→ Assignment
All entries must come back exactly as given, with no pictures in the copy.

→ Web page caption snippets
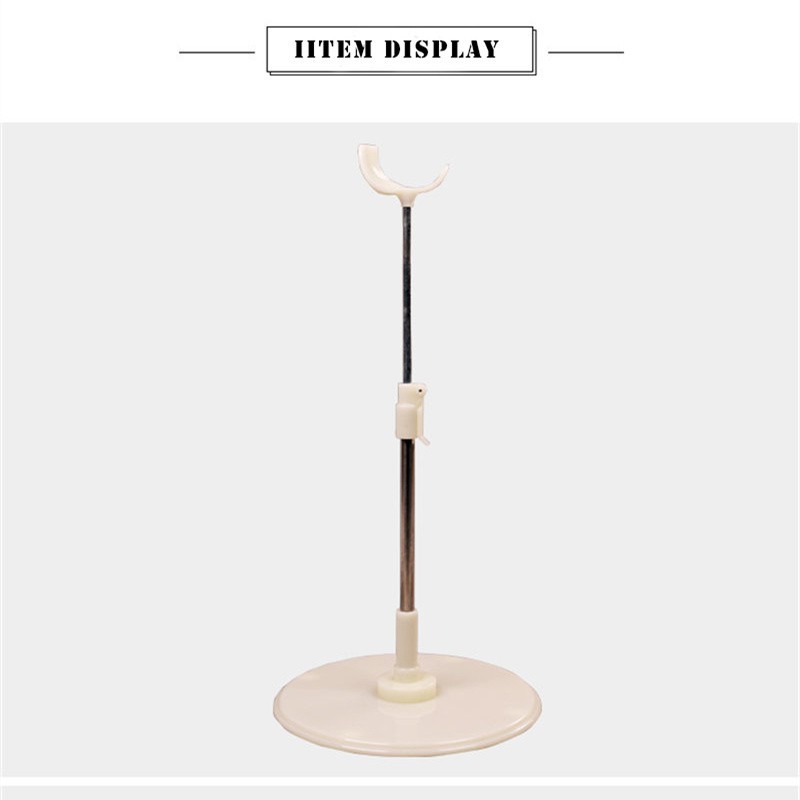 Outfit 1/3 bjd doll 1/4 bjd doll bracket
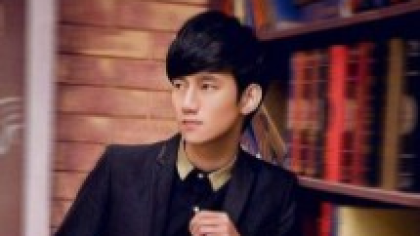 心悦阿哲一周吸金超200万！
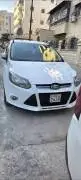 فورد فوكوس 2015, حلب, RF66426630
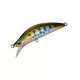Major Craft Finetail Eden 60H 6cm 7gr #003 Chart Marker Yamame Sinkender Wobbler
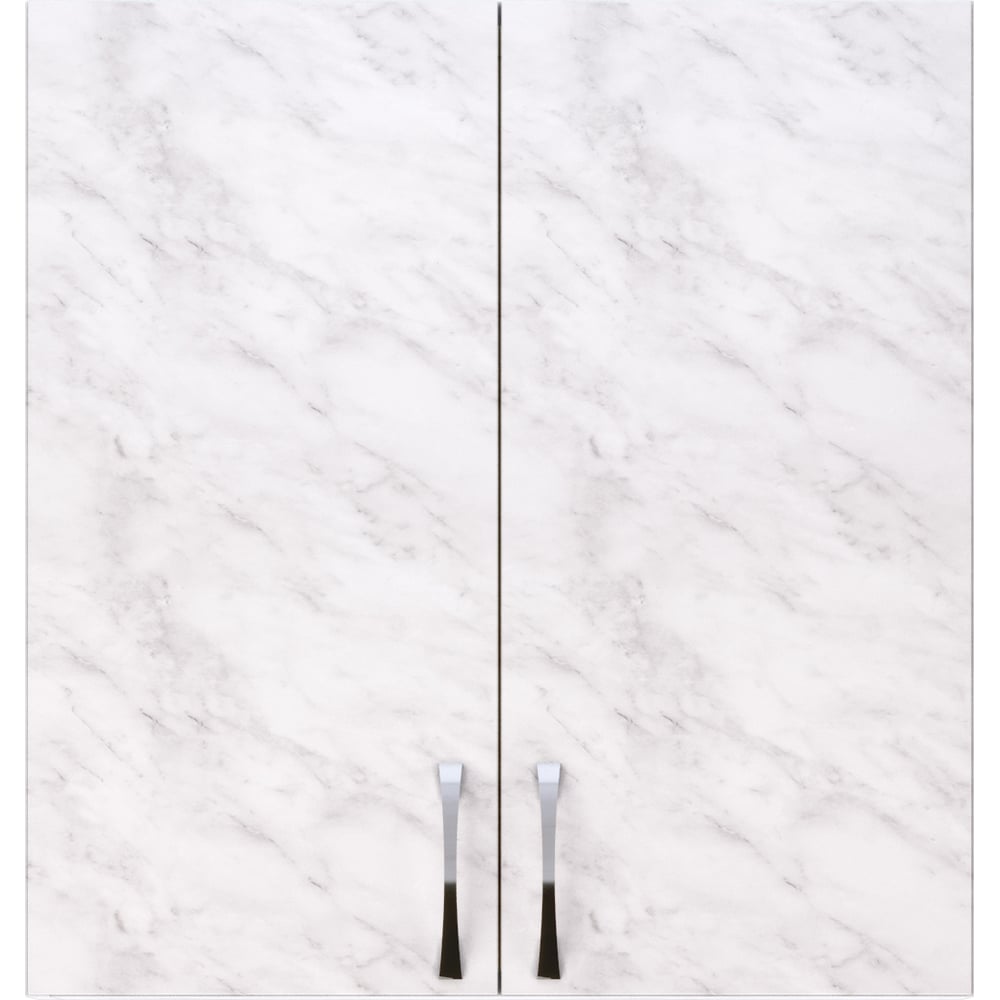 Настенный шкаф Домино 30x60 мрамор D3060MR - выгодная цена, отзывы ...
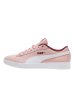 PUMA(彪马)女子低帮鞋365208-15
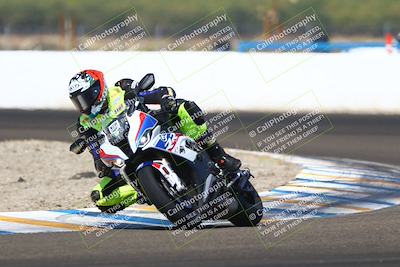 media/Sep-20-2025-TrackDaz (Sat) [[27f0cde673]]/C Group/1240pm (Turn 1)/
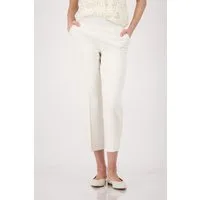Monari 5-Pocket-Hose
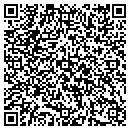 QR code with Cook Paul I MD contacts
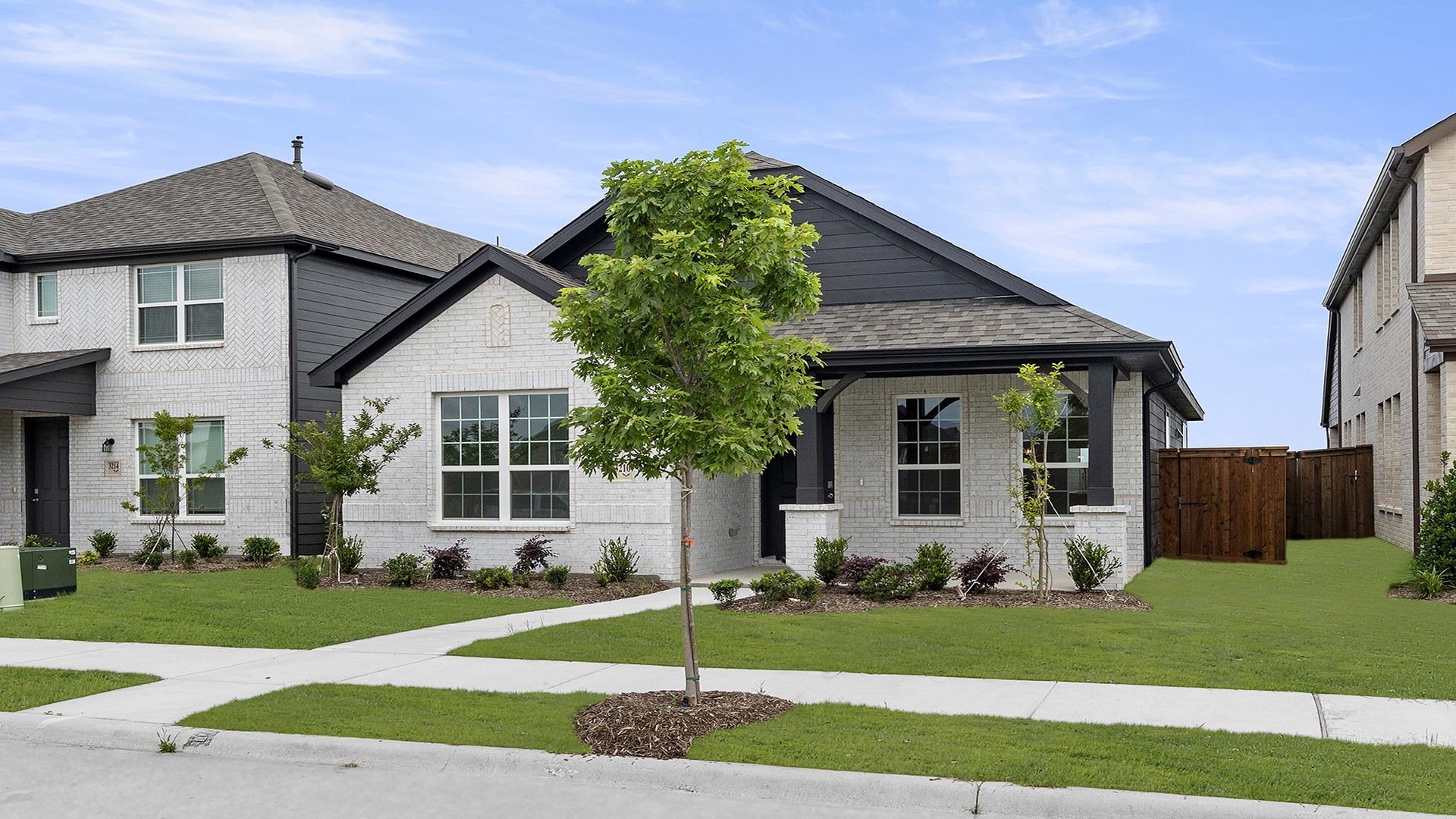 3210 Summerland Drive Royse City TX 75189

→ Solution to this task
 Outfit 1/3 bjd doll 1/4 bjd doll bracket
 心悦阿哲一周吸金超200万！
 فورد فوكوس 2015, حلب, RF66426630
Major Craft Finetail Eden 60H 6cm 7gr #003 Chart Marker Yamame Sinkender Wobbler
 Настенный шкаф Домино 30x60 мрамор D3060MR - выгодная цена, отзывы ...
 PUMA(彪马)女子低帮鞋365208-15
 media/Sep-20-2025-TrackDaz (Sat) [[27f0cde673]]/C Group/1240pm (Turn 1)/
Monari 5-Pocket-Hose
 QR code with Cook Paul I MD contacts
 3210 Summerland Drive Royse City TX 75189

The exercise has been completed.